(INFORMATION Opens)
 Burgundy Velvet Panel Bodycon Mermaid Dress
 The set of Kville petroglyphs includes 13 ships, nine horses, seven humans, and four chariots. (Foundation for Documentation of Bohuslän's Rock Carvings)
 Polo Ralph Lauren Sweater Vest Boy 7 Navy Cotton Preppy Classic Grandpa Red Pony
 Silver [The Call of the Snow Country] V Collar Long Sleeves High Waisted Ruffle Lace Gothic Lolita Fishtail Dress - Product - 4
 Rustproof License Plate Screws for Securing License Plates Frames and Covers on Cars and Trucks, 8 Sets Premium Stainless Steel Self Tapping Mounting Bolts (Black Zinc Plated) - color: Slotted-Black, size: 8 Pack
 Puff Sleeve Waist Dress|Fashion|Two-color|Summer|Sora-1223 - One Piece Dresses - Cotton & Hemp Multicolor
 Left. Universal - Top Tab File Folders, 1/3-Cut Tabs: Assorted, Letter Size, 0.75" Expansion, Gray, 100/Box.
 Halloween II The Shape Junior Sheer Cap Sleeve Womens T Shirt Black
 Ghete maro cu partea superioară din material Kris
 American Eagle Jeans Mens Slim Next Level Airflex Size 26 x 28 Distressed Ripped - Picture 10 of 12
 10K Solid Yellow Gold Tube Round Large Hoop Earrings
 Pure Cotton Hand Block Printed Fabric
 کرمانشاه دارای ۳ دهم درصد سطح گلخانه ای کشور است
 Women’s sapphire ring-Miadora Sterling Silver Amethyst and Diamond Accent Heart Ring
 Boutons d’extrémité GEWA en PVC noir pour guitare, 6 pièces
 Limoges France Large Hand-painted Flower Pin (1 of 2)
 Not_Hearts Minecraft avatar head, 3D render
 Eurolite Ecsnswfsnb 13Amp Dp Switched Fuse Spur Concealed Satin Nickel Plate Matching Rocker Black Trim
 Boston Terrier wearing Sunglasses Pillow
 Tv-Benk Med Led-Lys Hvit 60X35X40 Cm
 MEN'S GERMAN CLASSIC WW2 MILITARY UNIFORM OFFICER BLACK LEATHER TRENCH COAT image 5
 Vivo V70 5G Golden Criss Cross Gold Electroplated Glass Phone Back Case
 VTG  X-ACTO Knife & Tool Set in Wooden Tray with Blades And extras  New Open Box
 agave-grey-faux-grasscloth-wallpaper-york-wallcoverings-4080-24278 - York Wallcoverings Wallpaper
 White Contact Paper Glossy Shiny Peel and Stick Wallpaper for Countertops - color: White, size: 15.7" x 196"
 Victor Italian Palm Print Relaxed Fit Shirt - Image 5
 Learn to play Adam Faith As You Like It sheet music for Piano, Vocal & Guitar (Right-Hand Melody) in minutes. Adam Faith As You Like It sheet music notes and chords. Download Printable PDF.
(INFORMATION Closes)
# [GOAL OF THE EXERCISE]
Reproduce the data shown above with every line intact.

# [RESULT]
 Burgundy Velvet Panel Bodycon Mermaid Dress
 The set of Kville petroglyphs includes 13 ships, nine horses, seven humans, and four chariots. (Foundation for Documentation of Bohuslän's Rock Carvings)
 Polo Ralph Lauren Sweater Vest Boy 7 Navy Cotton Preppy Classic Grandpa Red Pony
 Silver [The Call of the Snow Country] V Collar Long Sleeves High Waisted Ruffle Lace Gothic Lolita Fishtail Dress - Product - 4
 Rustproof License Plate Screws for Securing License Plates Frames and Covers on Cars and Trucks, 8 Sets Premium Stainless Steel Self Tapping Mounting Bolts (Black Zinc Plated) - color: Slotted-Black, size: 8 Pack
 Puff Sleeve Waist Dress|Fashion|Two-color|Summer|Sora-1223 - One Piece Dresses - Cotton & Hemp Multicolor
 Left. Universal - Top Tab File Folders, 1/3-Cut Tabs: Assorted, Letter Size, 0.75" Expansion, Gray, 100/Box.
 Halloween II The Shape Junior Sheer Cap Sleeve Womens T Shirt Black
 Ghete maro cu partea superioară din material Kris
 American Eagle Jeans Mens Slim Next Level Airflex Size 26 x 28 Distressed Ripped - Picture 10 of 12
 10K Solid Yellow Gold Tube Round Large Hoop Earrings
 Pure Cotton Hand Block Printed Fabric
 کرمانشاه دارای ۳ دهم درصد سطح گلخانه ای کشور است
 Women’s sapphire ring-Miadora Sterling Silver Amethyst and Diamond Accent Heart Ring
 Boutons d’extrémité GEWA en PVC noir pour guitare, 6 pièces
 Limoges France Large Hand-painted Flower Pin (1 of 2)
 Not_Hearts Minecraft avatar head, 3D render
 Eurolite Ecsnswfsnb 13Amp Dp Switched Fuse Spur Concealed Satin Nickel Plate Matching Rocker Black Trim
 Boston Terrier wearing Sunglasses Pillow
 Tv-Benk Med Led-Lys Hvit 60X35X40 Cm
 MEN'S GERMAN CLASSIC WW2 MILITARY UNIFORM OFFICER BLACK LEATHER TRENCH COAT image 5
 Vivo V70 5G Golden Criss Cross Gold Electroplated Glass Phone Back Case
 VTG  X-ACTO Knife & Tool Set in Wooden Tray with Blades And extras  New Open Box
 agave-grey-faux-grasscloth-wallpaper-york-wallcoverings-4080-24278 - York Wallcoverings Wallpaper
 White Contact Paper Glossy Shiny Peel and Stick Wallpaper for Countertops - color: White, size: 15.7" x 196"
 Victor Italian Palm Print Relaxed Fit Shirt - Image 5
 Learn to play Adam Faith As You Like It sheet music for Piano, Vocal & Guitar (Right-Hand Melody) in minutes. Adam Faith As You Like It sheet music notes and chords. Download Printable PDF.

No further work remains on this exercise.